WE are never good at managing crisis. Take the case of the Highland Towers collapse and the disappearance of Malaysia Airlines flight 370. The two cases were 21 years apart, but both incidents manifested our failure in managing crisis.
And now we are hit with the novel coronavirus outbreak.
Again we seem to falter in dealing with the scourge. Like the cases involving the tower collapse and the MH370, we are not putting in place the situation-based management system as fast and as effective as it should be. Perhaps we do not understand the roles and responsibilities of individuals and organisations in crisis management. We have yet to understand the need to communicate effectively to the people. The latest outbreak of the much dreaded Wuhan coronavirus is a classic example.

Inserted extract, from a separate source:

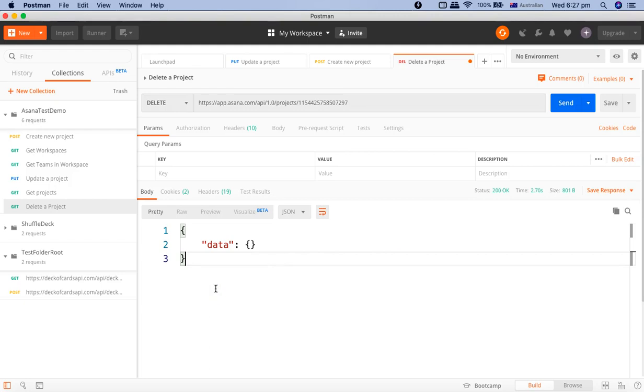And in further tutorials, we'll start doing the actual testing and we'll start understanding about parameterization and how you can specify the query parameters and not hard code these values and dig deeper into the automation using Postman. So hope you liked the tutorial. Thank you very much for watching.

In 1993, social media was unheard of. In the case of the 2014 incident involving the Malaysia Airlines plane, it affected mostly families of those involved. The Wuhan strain on the other hand is infectious, dangerous and potentially fatal.
It is something new and scary. Unless contained it could become a full-scale global disaster. So far, it has spread faster than the Severe Acute Respiratory Syndrome (SARS-CoV) epidemic in 2003. Many more countries are reporting cases of people infected with the virus.
And worse, this time social media is taking centre stage, fanning all kind of news and reports, mostly fake ones, putting the masses in a state of fear and uncertainty. These irresponsible postings are stoking fear among the populace.
When the towers collapsed on Dec 11,1993, Malaysians were understandably shocked. It was unthinkable that those structures would succumb to a landslide. The authorities were initially shell-shocked themselves. Reporters were clamouring for news and updates. No one seemed to be in control, until much later.
When MH370 disappeared, again there was confusion. For many days all kinds of unsubstantiated news and stories were circulating. Family members both here and abroad, especially in China were incensed. Conspiracy theories were in abundance. No one seemed to be managing the chaos. It took Datuk Seri Hishamuddin Hussein, the then acting Transport Minister to bring sanity to the confusion.
He organised a daily press briefing together with heads of other relevant authorities.
The Health Ministry should have learned from the lessons of the Highland Towers collapse and MH370. This time, we are dealing with the people’s health and lives.
There is a possibility of a full-scale epidemic. And the public have every reason to be worried. Why can’t the ministry be more proactive in dealing with the case? People are expecting them to do better.
The fact that the “2019-nCoV” outbreak is new and unknown is terrible enough. People need to be told what it really is.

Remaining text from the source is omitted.